Task instructions >> Your answer must be an exact copy of the records below, with every picture left out.

BEGIN Listed entries

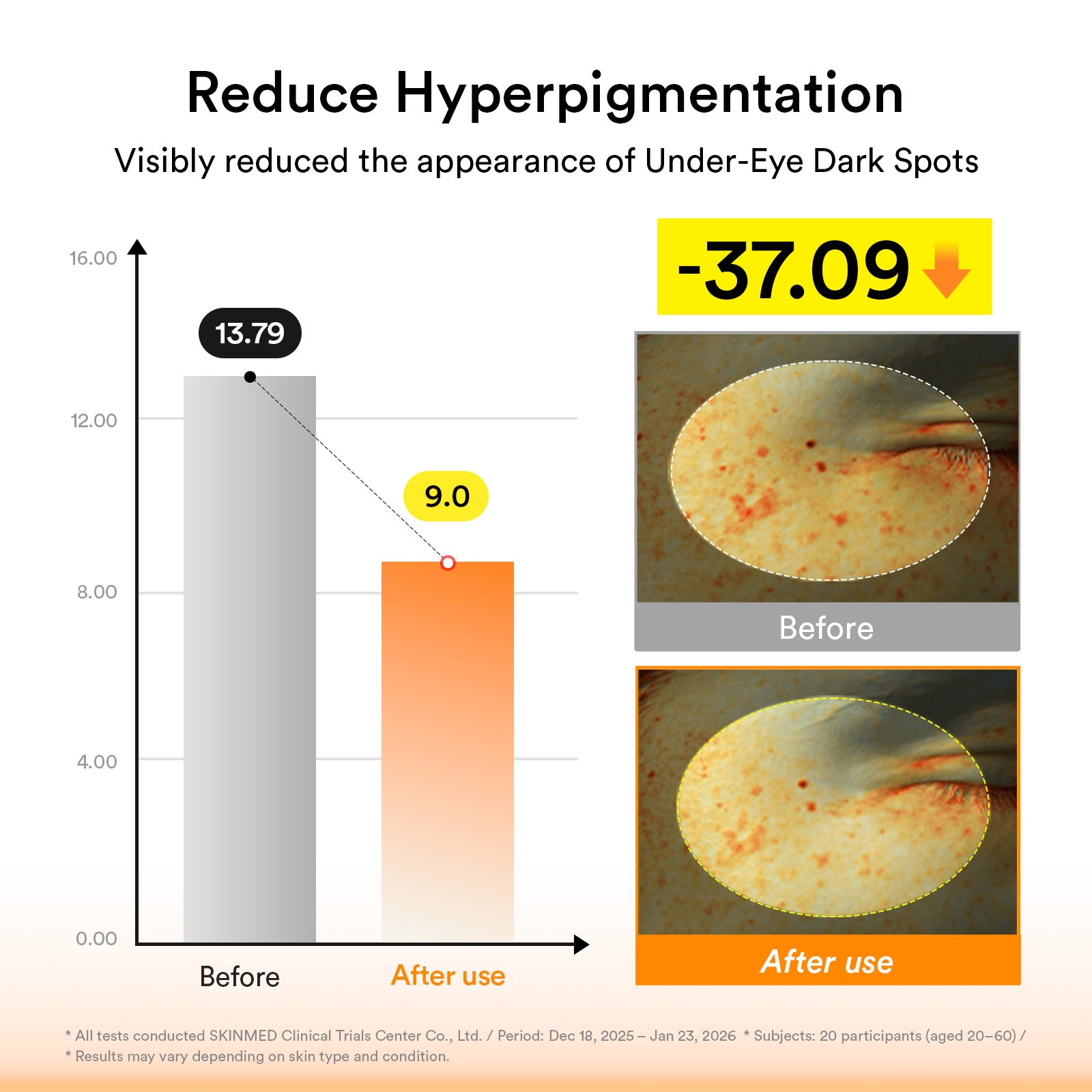 Abib - Glutathione kojic acid eye patch Vita jelly (60 Patches) [thekimyoun.com]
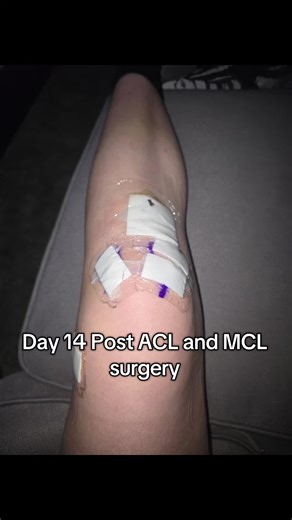 First Steps After ACL and MCL Surgery: Day 14 Progress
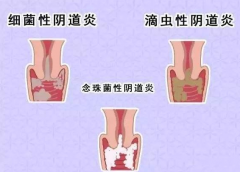 全自动阴道分泌物香蕉视频下载地址厂家提醒您还在拖延吗，还在等阴道炎自愈吗？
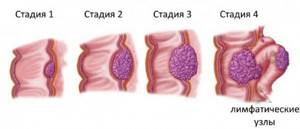 Стадии плоскоклеточного рака прямой кишки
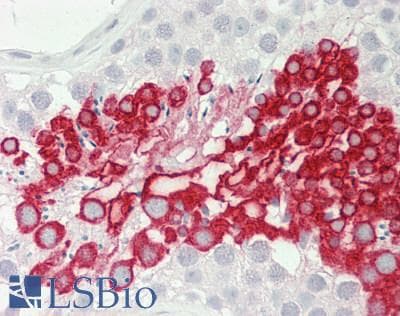 COPS6 / CSN6 Antibody (aa201-250)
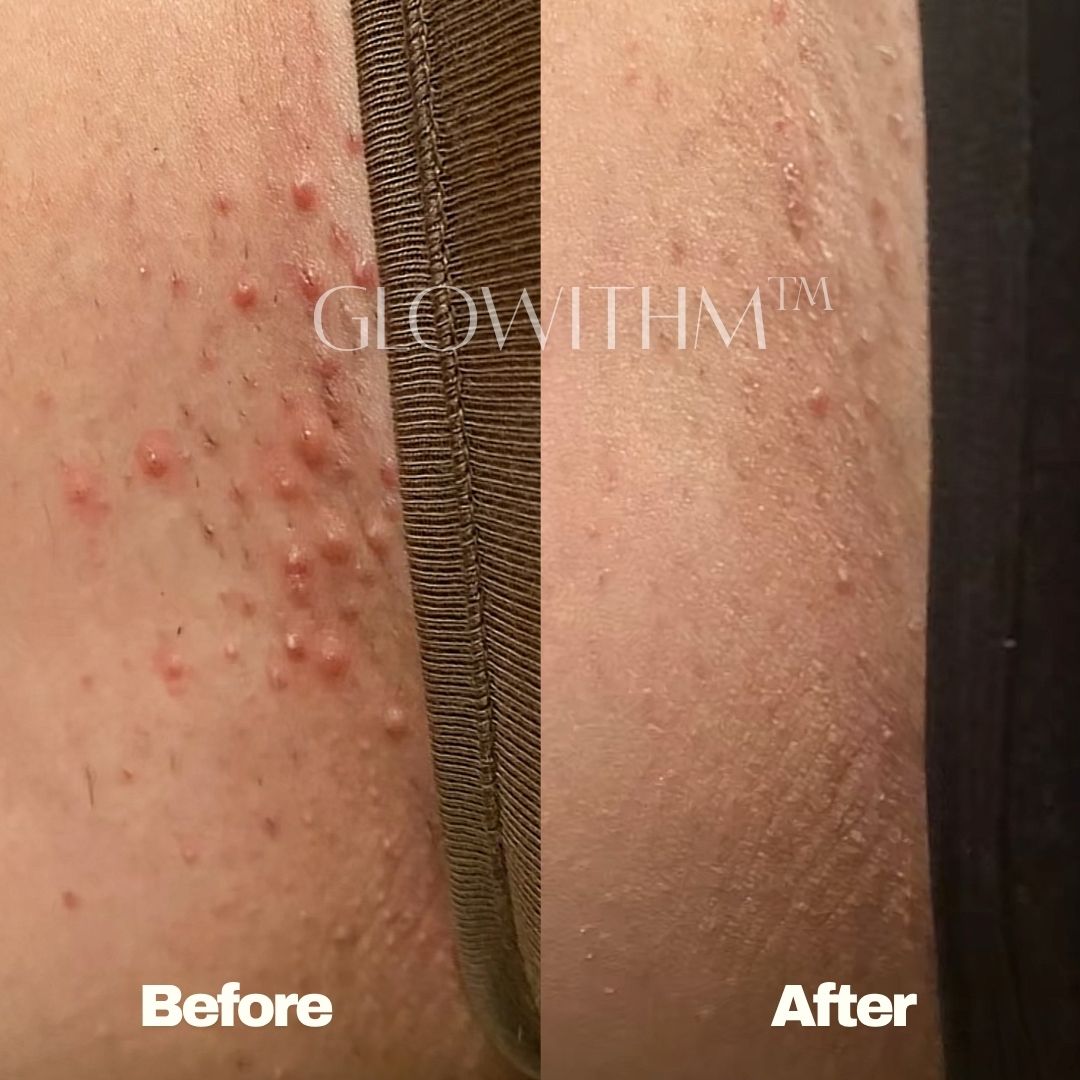 Glowithm customer result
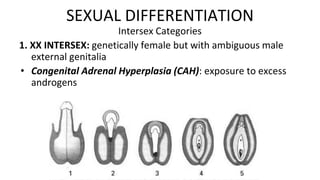 61
Intersex Categories
1. XX INTERSEX: genetically female but with ambiguous male
external genitalia
• Congenital Adrenal Hyperplasia (CAH): exposure to excess
androgens
SEXUAL DIFFERENTIATION
 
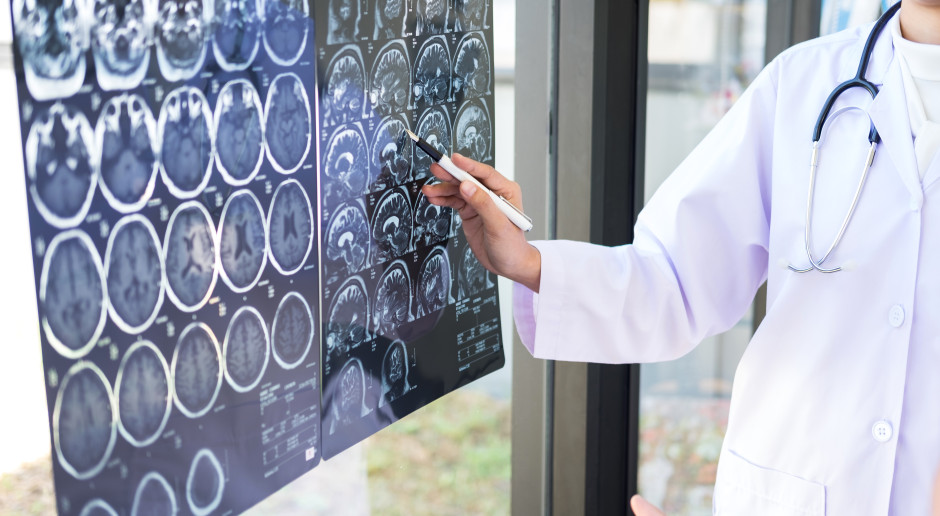 Lepsze leczenie udaru mózgu. Eksperci: rehabilitacja wciąż daleko w tyle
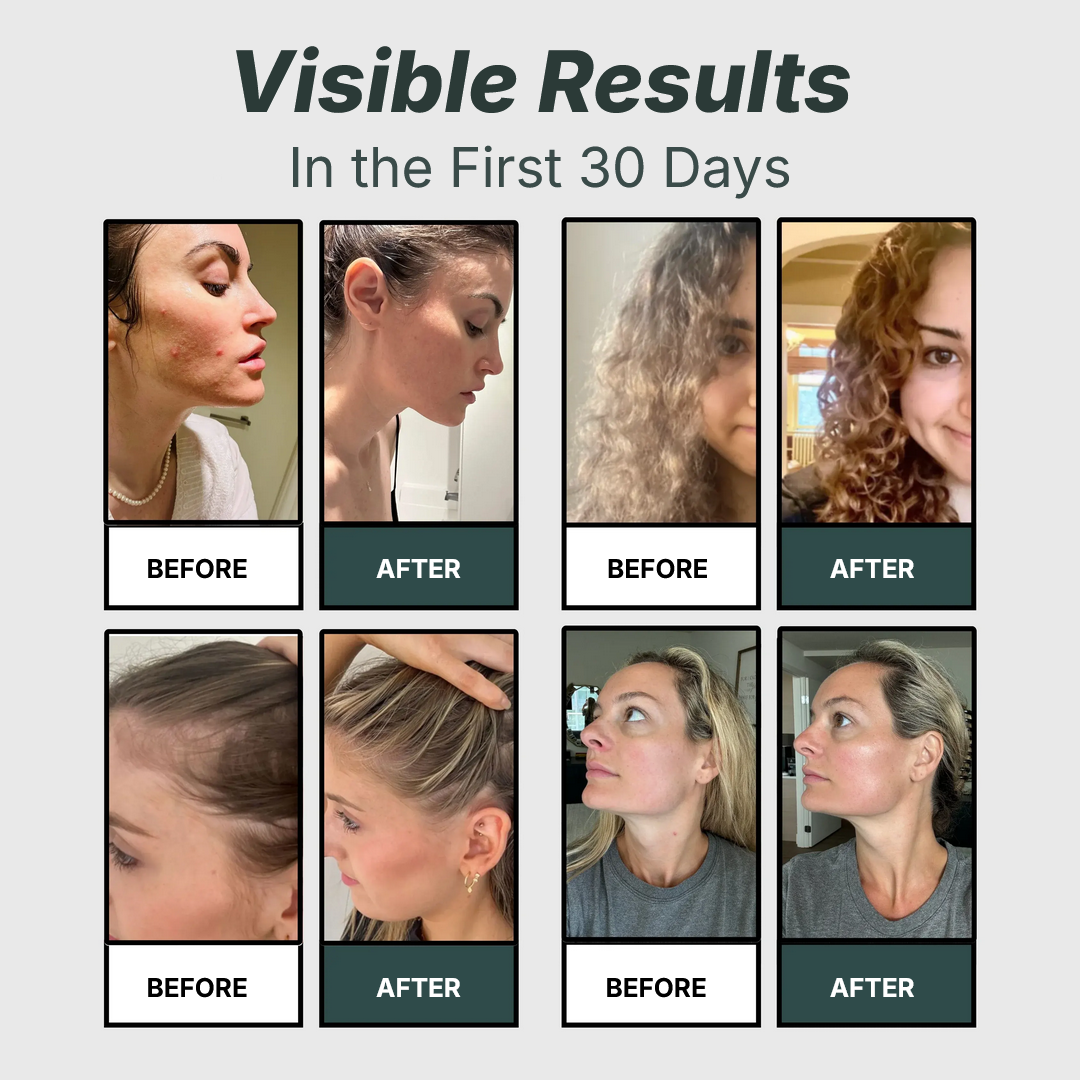 DermaPure®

END Listed entries

Answer for the task >>
 Abib - Glutathione kojic acid eye patch Vita jelly (60 Patches) [thekimyoun.com]
 First Steps After ACL and MCL Surgery: Day 14 Progress
 全自动阴道分泌物香蕉视频下载地址厂家提醒您还在拖延吗，还在等阴道炎自愈吗？
 Стадии плоскоклеточного рака прямой кишки
 COPS6 / CSN6 Antibody (aa201-250)
 Glowithm customer result
 61
Intersex Categories
1. XX INTERSEX: genetically female but with ambiguous male
external genitalia
• Congenital Adrenal Hyperplasia (CAH): exposure to excess
androgens
SEXUAL DIFFERENTIATION
 
 Lepsze leczenie udaru mózgu. Eksperci: rehabilitacja wciąż daleko w tyle
 DermaPure®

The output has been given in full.